5‐Amino‐3‐methyl‐4‐isoxazolecarboxylic acid hydrazide derivatives with in vitro immunomodulatory activities

Isoxazoles are an important class of compounds of potential therapeutic value. The aim of this study was to determine immunotropic effects of 5‐amino‐3‐methyl‐4‐isoxazolecarboxylic acid hydrazide derivatives on spontaneous and mitogen‐induced lymphocyte proliferation in young and old mice, cytokine production by peritoneal cells as well as possible mechanism of action in a model of Jurkat cells.
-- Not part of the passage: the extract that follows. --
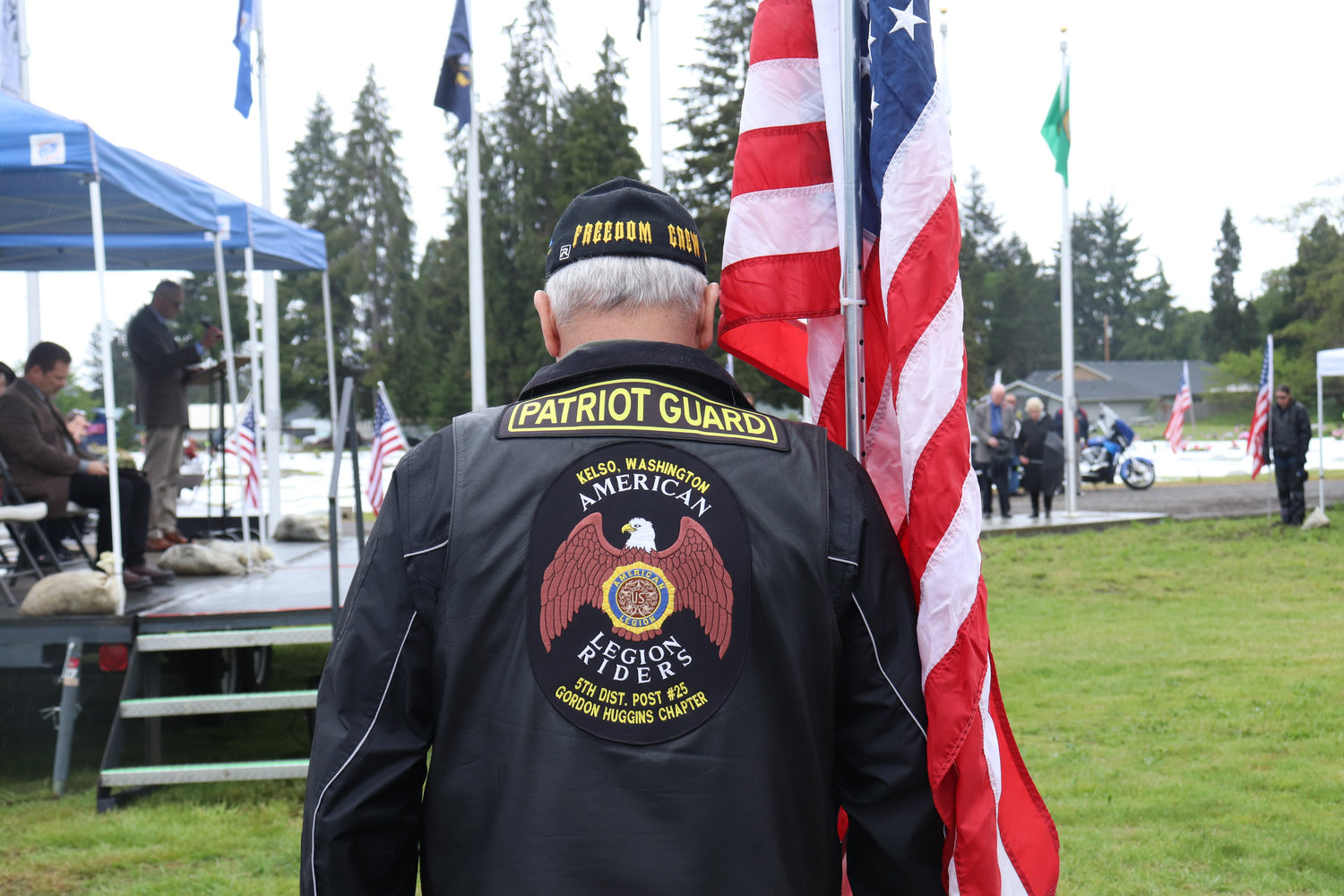 A member of Post 25 American Legion Patriot Riders stands at attention during the Sticklin Greenwood Memorial Park Rededication Ceremony on Saturday.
Three‐month‐old and 13‐month‐old BALB/c mice were used as donors of the cells from a thymus, a spleen, mesenteric lymph nodes, and a peritoneal cavity. Spontaneous and concanavalin A or lipopolysaccharide (LPS)‐induced cell proliferation was measured by 3‐(4,5‐dimethylthiazol‐2‐yl)‐2,5‐diphenyltetrazolium bromide colorimetric method. IL‐1β and TNF‐α production induced by LPS in macrophage‐enriched peritoneal cell cultures was measured by enzyme‐linked immunoassay. 5‐amino‐3‐methyl‐4‐isoxazolecarboxylic acid hydrazide, 01K (4‐phenyl‐1‐(5‐amino‐3‐methylisoxazole‐4‐carbonyl)‐thiosemicarbazide), and 06K (4‐(4‐chlorophenyl)‐1‐(5‐amino‐3‐methylisoxazole‐4‐carbonyl)‐thiosemicarbazide) exhibited regulatory activity in the proliferation tests. Prevailing stimulatory activity of the hydrazide and inhibitory activity of 01K and 06K was observed. Those effects were connected with different influence of the compounds on signaling proteins expression in Jurkat cells. The regulatory effects of the compounds on IL‐1β production were more profound than those on TNF‐α. Differences in the compound activity in young versus old mice were mainly restricted to 01K. Immunosuppressive isoxazole leflunomide and a stimulatory RM‐11 (1,7‐dimethyl‐8‐oxo‐1,2H‐isoxazole 5,4‐e]triazepine) were applied as reference drugs.